The nation's elite taste defeat, a newly-interesting rivalry gets ugly, and Michael Jordan meets his match as conference play gets underway. Here is the best and worst of the college basketball weekend that was:



Notre Dame 79, Duke 77: Luck had avoided the Irish in the weeks leading up to their ACC debut. On Dec. 21, Notre Dame blew an eight-point lead in 50 seconds to Ohio State. The next day, leading scorer Jerian Grant was dismissed from the university for academic issues. A week later, the Irish needed overtime to beat Canisius. So things were looking bad with star-studded Duke rolling into South Bend, but the Irish pulled it together Saturday and pulled off the upset. Eric Atkins led the way with 19 points and sparked the 20-4 second-half run that turned a 10-point deficit into a lead the Irish wouldn't relinquish. Jabari Parker will want to forget this game. Playing not too far from his Chicago hometown, the freshman was 2-for-10 from the field for a season-low seven points, was benched in the second half, and he got dunked on by Notre Dame's Pat Connaughton on a play that looked like Kirk Hinrich dunking on Carmelo Anthony.
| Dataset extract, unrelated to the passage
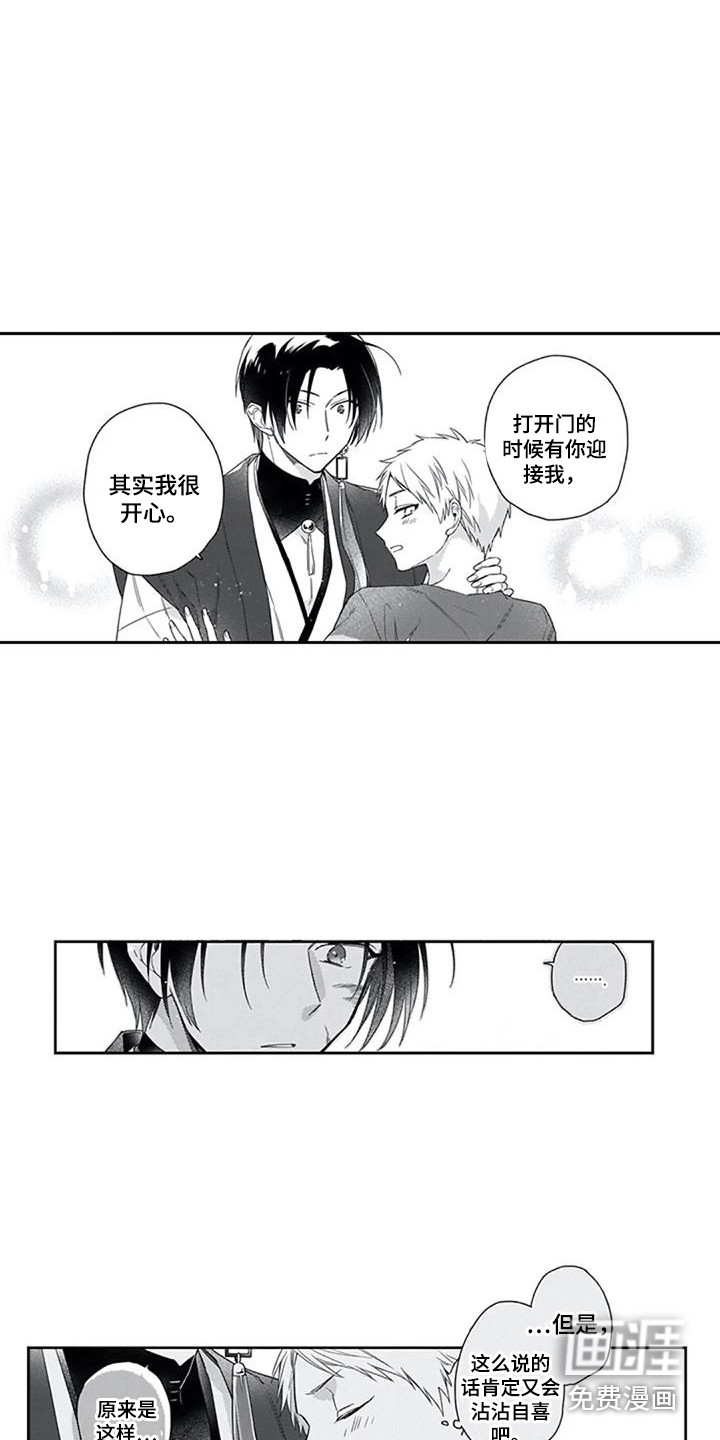第10话：第10章：宠物预览分镜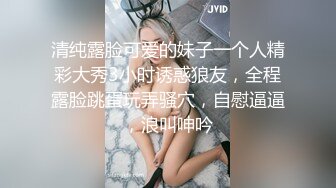   棕色头发俄罗斯风情妹子，被卷发小哥哥无情后入啪啪胸大屁股翘，操着真爽，极美粉鲍鱼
San Diego State 61, Kansas 57: I don't put much stock in nonconference home winning streaks. If they have the pull to do it, most D-I teams save their truly tough nonconference matchups for neutral sites and rarely take risks with their home schedule. So I was much less impressed by Kansas' 68-game streak as I was by how San Diego State snapped it. Xavier Thames, the Aztecs' breakout star, was like Bob Cousy in Blue Chips shooting free throws down the stretch, calmly sinking four in a row to seal the win. Thames (16 pts) was also key for a SDSU defense that harassed KU into 20 percent shooting in the first half and under 30 percent shooting for the game.

Kansas State 74, Oklahoma State 71: According to the die-hard Kansas fans I know -- and apparently there's no such thing as a Kansas fan who isn't a die-hard -- this was not a good weekend for Phog Nation. On Friday, rival Missouri was in the headlines after its Cotton Bowl win. On Sunday, KU lost. And in between, little brother K-State stepped into the spotlight with Saturday's upset over Big 12 contender Oklahoma State. The Wildcats took the fight to Cowboys star Marcus Smart, pressing and pushing the powerful PG to the brink. Smart (15 pts, 6 rebs) got himself in foul trouble in the first half, and even on his best highlight of the second half -- a monster dunk over two K-State defenders -- he got a tech for hanging on the rim and slapping the backboard. Smart still had a chance to send the game to overtime, but his running three at the buzzer wasn't close.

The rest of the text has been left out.